Content starts
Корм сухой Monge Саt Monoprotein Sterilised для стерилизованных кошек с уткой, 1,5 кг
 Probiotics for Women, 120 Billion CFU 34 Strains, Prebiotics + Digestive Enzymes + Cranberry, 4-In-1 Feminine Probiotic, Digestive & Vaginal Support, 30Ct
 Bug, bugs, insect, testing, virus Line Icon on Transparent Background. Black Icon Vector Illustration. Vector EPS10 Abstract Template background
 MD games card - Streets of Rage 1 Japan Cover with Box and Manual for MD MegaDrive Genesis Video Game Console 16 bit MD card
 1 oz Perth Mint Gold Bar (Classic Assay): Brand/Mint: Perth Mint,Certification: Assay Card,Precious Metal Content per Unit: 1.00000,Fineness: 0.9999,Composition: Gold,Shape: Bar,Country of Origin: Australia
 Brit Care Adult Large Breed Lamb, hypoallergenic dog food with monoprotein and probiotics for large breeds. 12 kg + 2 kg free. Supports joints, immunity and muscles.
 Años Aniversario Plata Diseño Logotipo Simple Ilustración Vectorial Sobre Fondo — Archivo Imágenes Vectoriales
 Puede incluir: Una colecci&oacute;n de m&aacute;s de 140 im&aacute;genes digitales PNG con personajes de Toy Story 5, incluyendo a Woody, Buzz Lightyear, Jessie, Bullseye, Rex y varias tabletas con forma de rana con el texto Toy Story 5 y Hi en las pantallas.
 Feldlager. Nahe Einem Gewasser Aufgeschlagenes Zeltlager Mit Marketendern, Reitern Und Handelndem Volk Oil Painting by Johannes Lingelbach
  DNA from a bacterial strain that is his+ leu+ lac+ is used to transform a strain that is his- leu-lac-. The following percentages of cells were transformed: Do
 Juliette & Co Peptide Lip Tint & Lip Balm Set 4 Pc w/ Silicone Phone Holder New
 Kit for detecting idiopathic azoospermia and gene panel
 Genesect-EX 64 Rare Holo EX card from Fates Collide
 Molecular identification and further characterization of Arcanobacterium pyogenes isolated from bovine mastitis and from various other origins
Content ends
Work to complete — Looking at the records above, how many lines contain "from"? Answer with the number alone.

Task response — 3